Impuls VII: DRIVE

Drive is a 2011 neo noir – arthouse – action film by Nicolas Winding Refn and one of the best films I have ever seen. This Impulse contains spoilers for the film so if you haven’t watched I highly recommend to do so. 

Film Summary: The unnamed protagonist Driver is a stunt driver who works as a getaway driver at night. He meets his neighbor, Irene, and her son and they become close. But things take a dangerous turn when he gets involved in a heist that goes wrong. To protect Irene and her son from the criminals involved, he has to navigate through a world of violence and betrayal, putting his own life at risk to keep them safe

Driver: „You know the story about the scorpion and the frog? Your friend Nino didn’t make it across the river.” 

From Drivers point of view it becomes obvious that he thinks of himself of the Scorpion. This also implies that everything bad he has done previously is just his nature. Even though the action of killing someone comes rather easy to him the consequences that come out of it show that killing is not his nature and that the scorpion is probably not him himself but sitting on his back preparing to sting him.

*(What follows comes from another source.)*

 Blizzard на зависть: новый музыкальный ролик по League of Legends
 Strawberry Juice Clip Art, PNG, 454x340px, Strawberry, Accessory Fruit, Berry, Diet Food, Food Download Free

Goslings character starts out as someone who is in total control of everything indicated by the perfect escape from the police in the opening scene of the film. However when Irene and her son enter his life he slowly learns that he is not in control of everything especially not his own emotions and feelings. 

As Gosling himself put it Driver is a character who has seen to many films and became a captive in his own head. And you got to give it to him. There is just something about Ryan Gosling playing the detached loner longing for meaning. I have never seen an actor portraying that feeling of loneliness and being a captive of  his own feelings as well as Ryan Gosling does it. Blade Runner 2049, some parts of La La Land or Drive are perfect of examples of this. 

In Drive there is grave difference from the in-control, emotionally disconnected person executing the perfect get-away to someone who is violently shaking while smashing in someone’s Hand and shoving a bullet down his throat. Driver can’t escape his life. The only scene where he briefly escapes it and pulls Irene aside to kiss her before violently smashing the hitmen’s head in is borderline reality. The way the camera and the lighting work in this scene it can be assumed that the kiss only plays out in Drivers head and the frustration about not being able to live with Irene leads to his overreaction of kicking the hitman even though he is long dead resulting in Irene realizing what he actually is. 

But does this really make him the scorpion. I would argue that the scorpion is on his back, also implied by his jacket he is wearing throughout the film. This could be in form of Bernie which would make a lot of sense. Since Driver let’s himself be stabbed by Bernie in the end before killing him.

 I would however argue that Driver is his own Scorpion. He is never in control and so caught up in his own imagination of himself that he doesn’t realize that he barely ever takes a conscious decision before the point of already being involved with people whose hands are actually dirty compared to his hands which are only a little dirty. He only starts to take control to save Irenes life sacrificing their future of being together.